No one can discount the amount of payback Turkey against Armenia, lingering from before WW I. Videos portrayed Azerbaijan military decapitating a shirtless Armenian civilian before a cheering crowd. Another video showed the man’s head placed on the end of a butchered pig. “This is how we get revenge—by cutting heads,” said an Azerbaijani man, calling the civilian murder an act of revenge for “the blood of our martyrs.” In another video, an Armenian man stuck a knife into the neck of a bound-and-gagged Azerbaijani man. Amnesty said it had at least 20 videos documenting atrocities that happened in the seven-week long war. Azerbaijan’s prosecutor general said Dec. 8 his office would investigate war crimes committed on both sides of the conflict. Azerbaijan and Armenia were both guilty of war crimes, attesting to the longstanding nature to the Nogorno-Karabakh conflict.

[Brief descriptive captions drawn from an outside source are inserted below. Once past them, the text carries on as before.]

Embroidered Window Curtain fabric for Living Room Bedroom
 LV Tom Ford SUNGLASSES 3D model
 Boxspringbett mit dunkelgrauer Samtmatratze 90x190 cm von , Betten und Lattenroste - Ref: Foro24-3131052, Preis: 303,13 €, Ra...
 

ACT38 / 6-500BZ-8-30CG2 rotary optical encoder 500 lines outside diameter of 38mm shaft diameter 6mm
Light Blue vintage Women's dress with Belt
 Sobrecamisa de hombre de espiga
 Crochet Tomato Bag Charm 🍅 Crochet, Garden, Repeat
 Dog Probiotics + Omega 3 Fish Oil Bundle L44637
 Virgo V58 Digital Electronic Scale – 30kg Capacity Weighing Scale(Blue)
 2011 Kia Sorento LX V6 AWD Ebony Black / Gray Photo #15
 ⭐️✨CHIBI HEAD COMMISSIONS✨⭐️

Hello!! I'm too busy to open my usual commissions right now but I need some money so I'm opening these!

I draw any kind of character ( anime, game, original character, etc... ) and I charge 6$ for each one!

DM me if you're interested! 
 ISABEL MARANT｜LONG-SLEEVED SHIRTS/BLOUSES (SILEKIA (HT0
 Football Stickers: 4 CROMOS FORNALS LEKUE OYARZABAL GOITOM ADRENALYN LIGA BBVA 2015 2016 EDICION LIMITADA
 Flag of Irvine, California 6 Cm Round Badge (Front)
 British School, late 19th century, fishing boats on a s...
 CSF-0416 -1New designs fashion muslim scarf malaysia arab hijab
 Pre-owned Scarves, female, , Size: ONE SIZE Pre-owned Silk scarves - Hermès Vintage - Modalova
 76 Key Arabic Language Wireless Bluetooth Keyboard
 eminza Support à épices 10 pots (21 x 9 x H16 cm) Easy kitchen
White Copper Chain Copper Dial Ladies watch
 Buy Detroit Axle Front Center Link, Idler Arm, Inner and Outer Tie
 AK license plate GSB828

London-based Human Rights Watch verified Armenia’s use of banned cluster bombs on the Azerbaijan city of Barada, killing at least 21 civilians. Human Rights Watch confirmed that Azerbaijan also supplied its soldiers cluster bombs used on Armenian towns. Cluster-bombs were a common banned munition used by Turkish-backed fighters in Syria. Armenia, Russia and France accused Turkey of sending mercenaries to the Nagorno-Karabakh conflict, something denied by Erdogan. Yet any look at the Nargorno-Karabakh conflict shows that both sides resorted to banned munitions and tactics to gain advantage over the other. Despite Turkey’s denials of supplying mercenaries to the Nagorno-Karabakh, convincing video evidence proves that they supplied foreign fighters to the region. When warring parties meet in Minsk, Belarus in the spring, all issues will be on the table.
United Nations Human Rights Office has called on all foreign forces to vacate the Nagorno-Karabakh region, letting both sides settle before their delegation heads to Minsk for negotiations. Armenians were outraged that Prime Minister Nikol Pashnyan let Azerbaijan drive ethnic Armenians out of their ancestral lands. Azerbaijan President Ilham Aliyev and Erdogan celebrated today in Bakiu, vowing to not let Armenians return to their homes in Nagorno-Karabakh. Russian President Vladimir Putin was committed to seeing Russian peacekeepers stay between the warring factions before they head to the peace table in Minsk. Putin hopes his peacekeepers can keep Turkish mercenaries out of the area. Age-old conflicts spiral into revenge killings based on intractable conflicts. When it comes to Nagorna-Karabakh, it’s a modern version of the age-old conflict between Muslims and Christians.